Journal of Seismology

, Volume 23, Issue 1, pp 109–121 | Cite as

Fully coupled hydro–mechanical controls on non-diffusive seismicity triggering front driven by hydraulic fracturing

  • Murad AbuAishaEmail author
  • David Eaton
  • Jeffrey Priest
  • Ron Wong
  • Benjamin Loret
  • Alana H. Kent


The spatio–temporal evolution of fluid-injection-induced seismicity is often bounded by a triggering front that expands away from the injection point in space and time. For some injection scenarios, the triggering front is thought to be directly linked to pore pressure diffusion, but in the case of hydraulic fracturing, the stress interaction of the growing tensile fracture with natural joints may be more significant. In order to explore the concept of a triggering front in this context, we use a fully coupled hydro–mechanical finite-discrete element (FDEM) approach to simulate microseismicity induced by hydraulic fracture growth. The medium contains a network of randomly oriented pre-existing fractures that are activated based on the Mohr–Coulomb failure criterion. As expected, the primary triggering front is defined by the envelope of microseismicity that tracks the hydraulic fracture, although more distal events are triggered by mechanical stress changes beyond the bounds of the triggering front. However, these distal events are approximately synchronous with initiation of the hydraulic fracture and are attributed to far-field elastic perturbations associated with the stress wave spread in the medium. A field example indicates that patterns of seismicity that emerge from our simulations have characteristics similar to observed microseismicity during hydraulic fracturing.

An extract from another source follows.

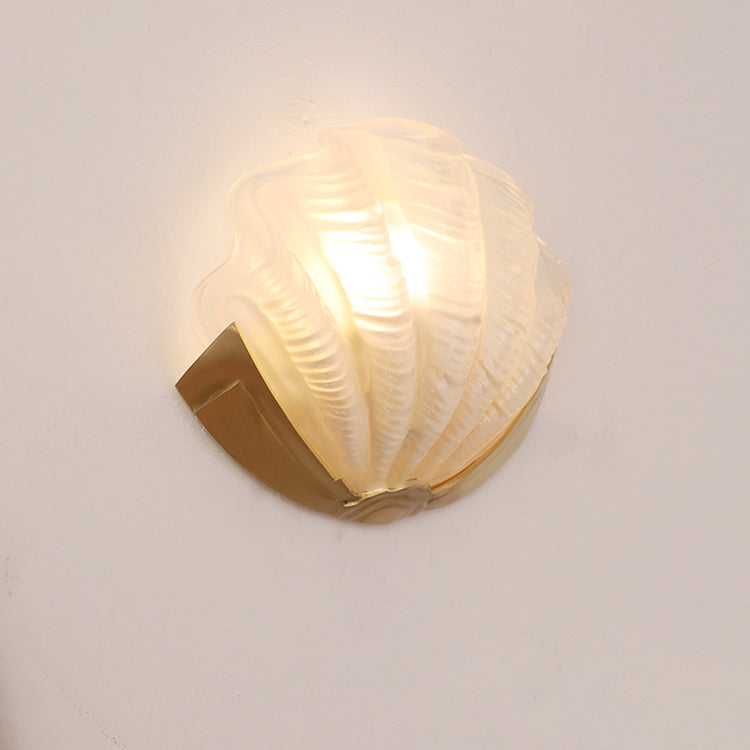Modern Art Deco Shell Brass Glass 1-Light Wall Sconce Lamp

Finite-discrete element method (FDEM) Hydraulic fracturing (HF) Pre-existing joints Induced microseismicity Proximal triggering front Coulomb plasticity criterion 



All plots where drawn using Matlab M-files, simulations can be reproduced using the IRAZU code of Geomechanica, Inc. ConocoPhillips Canada is thanked for providing access to the field data used in this study.

Funding information

The authors would like to thank the sponsors of the Microseismic Industry Consortium and the Natural Sciences and Engineering Research Council of Canada (grant CRDPJ/474748).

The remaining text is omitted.